Bill Rammell’s admission that the Prime Minister and the Foreign Secretary told the Libyans that they ‘did not want al-Megrahi to pass away in prison’ is the bombshell the government hoped to avoid. And, together with Jack Straw’s sudden decision not to exclude al-Magrahi from the PTA to protect ‘wider negotiations with the Libyans”, this disclosure requires answers from the government.
David Miliband heightened the chaos the government now finds itself in on the Today programme when he very foolishly remarked: “We did not want him to die in prison”. It was a slip of the tongue that undoes the government’s wilfully neutral stance over the al-Megrahi affair, stoking the rumour that the government may have attempted to influence Kenny MacAskill’s decision.
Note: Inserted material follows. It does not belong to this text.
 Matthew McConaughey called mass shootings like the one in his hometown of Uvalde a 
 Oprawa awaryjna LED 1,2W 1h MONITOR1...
I suppose it’s too much to ask that Gordon Brown will break his silence by explaining why he and the Foreign Secretary didn’t want al-Megrahi to die in prison.
The Lockerbie papers do not prove that there was a Megrahi-for-oil deal, but neither do they disprove the suggestion. What two years of correspondence between Holyrood and Whitehall does prove is that Libya was placing pressure on the UK government over al-Megrahi’s release, that the British government was telling the US one thing and the Libyans another – you can choose to call that double dealing or realpolitik – and that the Scottish government was, as Alex Salmond put it, ‘left to deal with the consequences’ (more on that later). There are documents pertaining to this case, such as details from the two Blair Gadaffi meetings and the minutes from meetings leading to the UK Libya deal signed on 2 October 2007, that need to be published: David Cameron is right to call for an independent enquiry.